The 10 percent cut will not include interest payment, repayment of debt, defence budget, salaries and the pension bill.
Moreover, government officials, excluding top bureaucrats, have been directed to fly only in economy class for domestic tours.
The measures also incorporate an absolute ban on new appointments in government departments.
The measures were declared to enhance the slowing economy without obstructing the functioning efficiency of the government.
The UPA government cannot pronounce any new common man friendly schemes in light of the 2014 general elections and even the state governments, despite of their political character, will find it difficult to get more central funds till the released amounts have been fully utilised.
With an austerity rule in full sway in India, efforts are being made to trim the national deficit – which falls short by some margin.
The deficit in the first four months had reached a disturbing level of 63 percent of the full-year target. Pushed to meet the fiscal deficit target of 4.8 percent of the gross domestic product (GDP), the finance ministry gave open orders to all federal ministries to firmly follow the rule that not more than 33 percent of the Budget Estimate (BE) is spent in the last quarter of the fiscal, while the expenses in March, the last month of the fiscal, should not be more than 15 percent of the BE.
It was reported in April this year that the sleuths of National Investigation Agency were facing an odd problem of transportation as they are ‘forced’ to commute by taxis, since the investigating agency had not been able to purchase vehicles due to an austerity drive.
Experts hailed the measures taken by the ministry, saying these would help evade a sovereign rating downgrade but simultaneously accepted that these spending restrains could have a negative impact on growth, given that private expenditure has hit a nadir and corporate investments have barely improved.

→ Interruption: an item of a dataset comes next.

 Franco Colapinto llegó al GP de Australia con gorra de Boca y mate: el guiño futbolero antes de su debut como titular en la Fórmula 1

According to a finance ministry’s release, every ministry will put into effect a compulsory 10 percent cut in non-Plan expenditure, which means that near to a half of the budgeted non-Plan expenditure of Rs 11.09 lakh crore for financial year 2014 would be subject to the cut.

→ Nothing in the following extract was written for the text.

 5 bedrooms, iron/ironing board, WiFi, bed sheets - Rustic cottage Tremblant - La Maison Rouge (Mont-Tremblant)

Reportedly, subsidies are expected to be kept within the budgeted limits, credit goes to the gradual deregulation of fuel prices and no major extra burden on food subsidy is seen this fiscal in view of the Food Security Law.
However, my only question is that with the economy in deep trouble will the government’s austerity drive work or is it just an election gimmick ahead of 2014 general elections?
Because this is not the first time that the government has launched austerity drive, such measures have been announced many times, but it isn’t that easy to implement them as ministers and bureaucrats say their positions require them to live in style.